To show how to include constraints, we will solve a common problem in materials science: predicting the formation energy of many configurations of an alloy. In such problems, it is usually very important to ensure that the predicted formation energies for “ground-states” (i.e. energies that define the lower convex-hull of the energy vs composition graph) remain on the convex-hull.
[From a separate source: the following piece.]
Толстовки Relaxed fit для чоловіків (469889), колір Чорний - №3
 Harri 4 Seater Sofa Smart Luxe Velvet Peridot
Similarly, it is often important to ensure that the predicted formation energies that are not “ground-states” in the training data remain above the predicted convex-hull.

The example follows the methodology described in this paper: https://www.nature.com/articles/s41524-017-0032-0

This example requires the pymatgen materials analysis package to be installed to easily plot convex-hulls: https://pymatgen.org/installation.html

The training data used in this example is taken from this tutorial: https://icet.materialsmodeling.org/tutorial.zip for the icet cluster expansion Python package (https://icet.materialsmodeling.org/).

  • plot chull
  • plot chull
  • plot chull
  • plot chull
  • plot chull
Lasso train RMSE:                 0.0028
L2L0 train RMSE:                  0.0030
L2L0 with constraings train RMSE: 0.0036

import json

import matplotlib.pyplot as plt
import numpy as np
import pymatgen.analysis.phase_diagram as pd
from pymatgen.core import Structure
from sklearn.linear_model import Lasso
from sklearn.metrics import mean_squared_error

from sparselm.model import L2L0

# load training data
X, y = np.load("corr.npy"), np.load("energy.npy")

# load corresponding structure objects
with open("structures.json") as fp:
    structures = json.load(fp)

structures = [Structure.from_dict(s) for s in structures]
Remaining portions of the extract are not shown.